(originally written back in the summer)
...when I picked up Joan Didion's The Year of Magical Thinking? I know I liked the title, had vague remonitions of having read reviews that made me want to read it, had seen it praised in every publication I had seen mention it. But I also knew it is about grief and her experiences following her husband's death. This is certainly a worthy subject for a book and something to be read sometime, but why would I choose now to read it? Why was it in paperback and on sale at Borders? These days I do most of my reading on a small boat as far from anything as you can get in the middle of the Pacific, completely cut off from friends and family for weeks at a time, so books about loss and separation aren't exactly at the top of the list of things that one would prescribe for keeping my head on straight. I'm surrounded by people who don't speak English (or speak it poorly) and live inside my head like I haven't done since high school.
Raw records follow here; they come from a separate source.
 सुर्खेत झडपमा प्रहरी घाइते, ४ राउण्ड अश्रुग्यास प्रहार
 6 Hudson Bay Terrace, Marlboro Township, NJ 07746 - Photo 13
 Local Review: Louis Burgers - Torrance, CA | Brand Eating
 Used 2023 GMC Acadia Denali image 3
But perhaps there is something soothing in Ms. Didion's book. That she is an excellent writer doesn't need to be said, and that this is an excellent book has already been said (and said better) by so many others that I won't bother. The horrible truth upon reading about her loss is that it in a way reminds me that those people I feel ripped away from right now will be there when I get back. Of course that is only comforting so far as it also reminds that this won't always be true.
I'm only about 80 pages in right now, but the portrait of her and her husband and their life and their friends is compelling and challenging. In someways, the depth at which they comingle, inhabit the same space, so deeply intertwine with one another is something that I have always been both drawn to and repulsed by. The repulsion, by the way, comes from a place of being resistant to not being fully self-reliant and an aversion to attachments to things or people which I can't let go of, not from finding it repulsive. This is an aside, but the inevitable irony is that I attach to people and places and things deeply and intensely and faster than anything you have ever seen. If I'm going to go there at all, I'm already there before you blink. A head full of wanderlust and a heart full of homebody; God was laughing when he made me.
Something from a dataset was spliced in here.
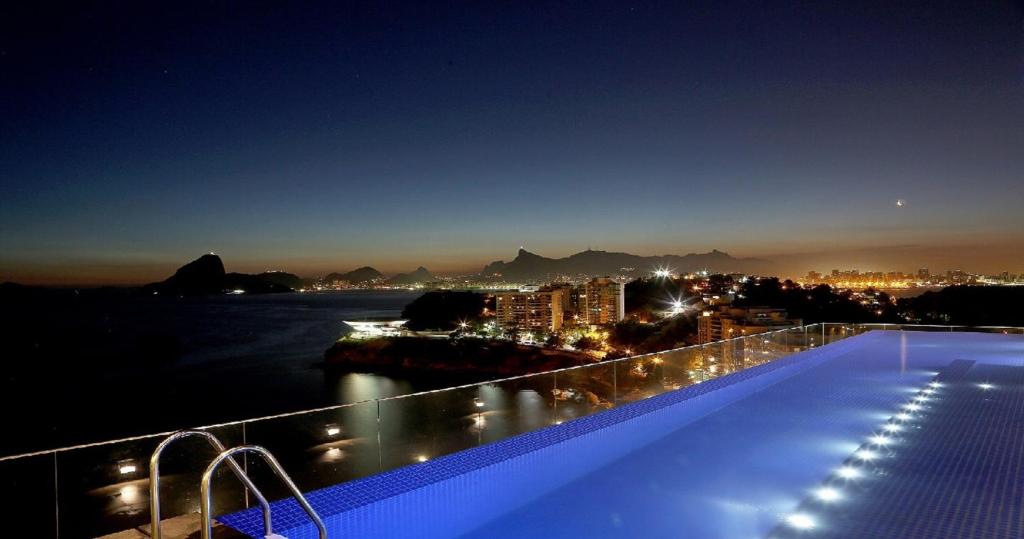  H Niteroi Hotel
I should be reading the new Harry Potter, but wasn't able to get it before I got on the boat. And maybe in the middle of the ocean, away from a reality where people exist and live, instead in a place where we just work and look at the horizon, is exactly the place to read such an intimate book. As I actually read through the book, the fact of the loss and the time spent struggling with the grief get lost in the beauty of the life they lived together and the people who surrounded them. The last few years have been a whirlwind for me, trying to get my bearing and start moving in directions which can sustain me, and reading someone's reflections looking back on a life lived as well as anyone could set out to live one is comforting. The book isn't so spectacular because Ms. Didion shares how she handled the death, but rather because through speaking to all the details surrounding her experience with grief, her voice comes through saying, "I have lost this much."